Restate all the data word for word and omit the pictures.
Source information: Begin
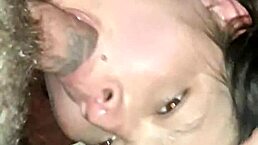 Can You Believe This Mature Brunette Is Sucking On Joshua Jisms' Massive Bwc In Trick City?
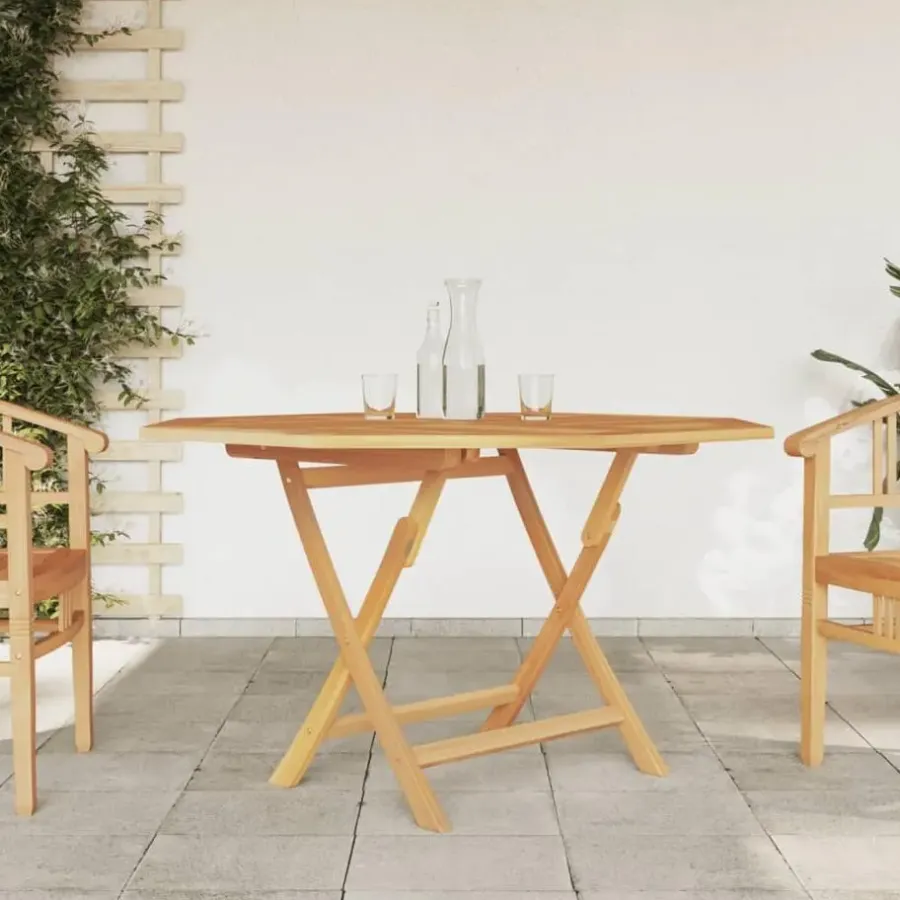 Tuintafels-vidaXL - Tuintafel inklapbaar - Bruin - Massief teakhout - 110x110x75 cm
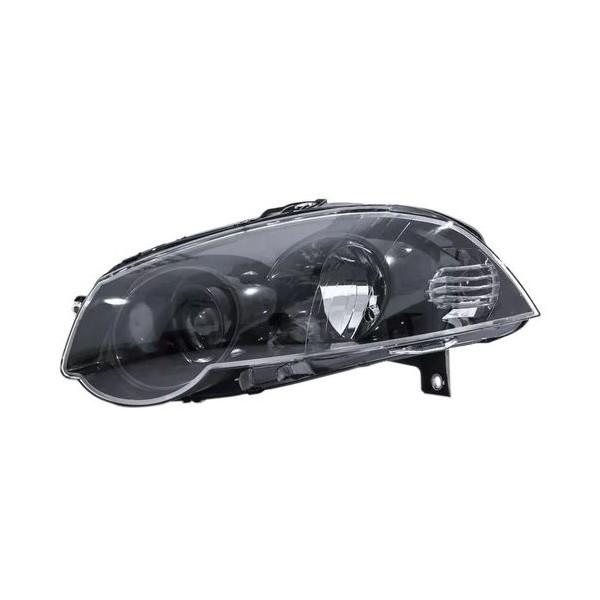 Farol Principal Máscara Negra Aro Preto lado esquerdo Arteb 0161001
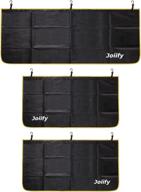 🔧 joiify 3-piece magnetic fender covers for mechanics, 25 powerful magnets, microfiber leather car fender protectors for suv or light trucks - large size логотип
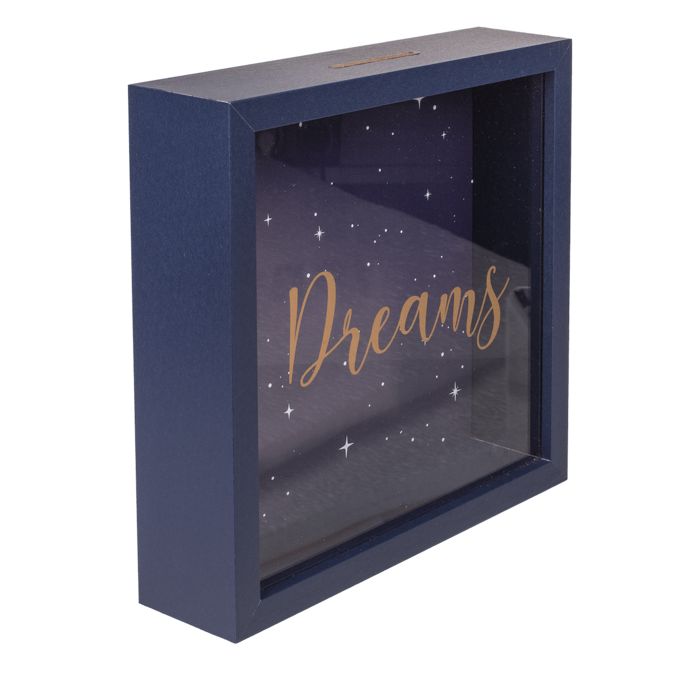 Out of the Blue Holz-Spardose, Dreams, im Rahmen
Source information: End
Result -
 Can You Believe This Mature Brunette Is Sucking On Joshua Jisms' Massive Bwc In Trick City?
 Tuintafels-vidaXL - Tuintafel inklapbaar - Bruin - Massief teakhout - 110x110x75 cm
 Farol Principal Máscara Negra Aro Preto lado esquerdo Arteb 0161001
 🔧 joiify 3-piece magnetic fender covers for mechanics, 25 powerful magnets, microfiber leather car fender protectors for suv or light trucks - large size логотип
 Out of the Blue Holz-Spardose, Dreams, im Rahmen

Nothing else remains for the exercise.